Maybe a business idea for the green entrepreneur out there?

I’m sure this idea was partially inspired by the bicycle I tried at the Los Angeles Science Center in December. It demonstrated how much harder I had to bicycle to light incandescent bulbs than LEDs. Thanks LA Science Center and FlyWheel!

Belief, Fact, Truth

Yesterday at a neighbourhood bar, I eavesdropped on a group of three strangers debating about fact versus belief. A gal in the group argued: a claim is only a belief, and yours only, until you have set your eyes on it. Then it becomes your fact. The example she used was whether the Earth is a sphere. “Scientific truth” claims the Earth is indeed a sphere. Analytical evidence gathered by experts show the Earth is a sphere. And you believe the Earth is a sphere, because you find the evidence compelling and you have seen photos astronauts took from outer space. However, it is just a belief. It can only become your fact, when you have gone out into space and seen the Earth is a sphere yourself.

Since I could not muster up the courage to join their debate, I am writing this blog post to present my counterarguments, but even more so to organize my own thoughts.

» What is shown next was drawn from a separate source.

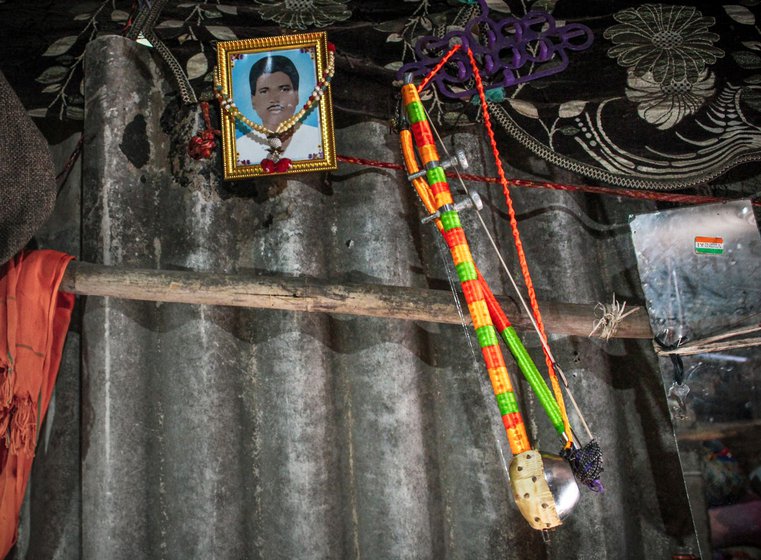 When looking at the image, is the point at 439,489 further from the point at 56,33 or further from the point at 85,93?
the point at 56,33

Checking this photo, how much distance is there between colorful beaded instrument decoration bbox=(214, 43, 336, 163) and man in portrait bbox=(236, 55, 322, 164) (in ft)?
0.07

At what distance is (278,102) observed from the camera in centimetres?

Is seeing believing? Or, I should ask: Is ‘seeing’ a necessary condition to accept facts?

This is the easiest line of thinking to discredit.  That you have to see a claim to accept it as a fact is simply unrealistic. This can be best shown by examples. 2 + 2 = 4. Everyone can agree on that. But numbers are abstractions we created to represent the world around us. When I write 2+2=4, I don’t physically take two apples then set two more next to them to realize they add up to four. I know 2+2=4 is a fact, even though it is an abstraction.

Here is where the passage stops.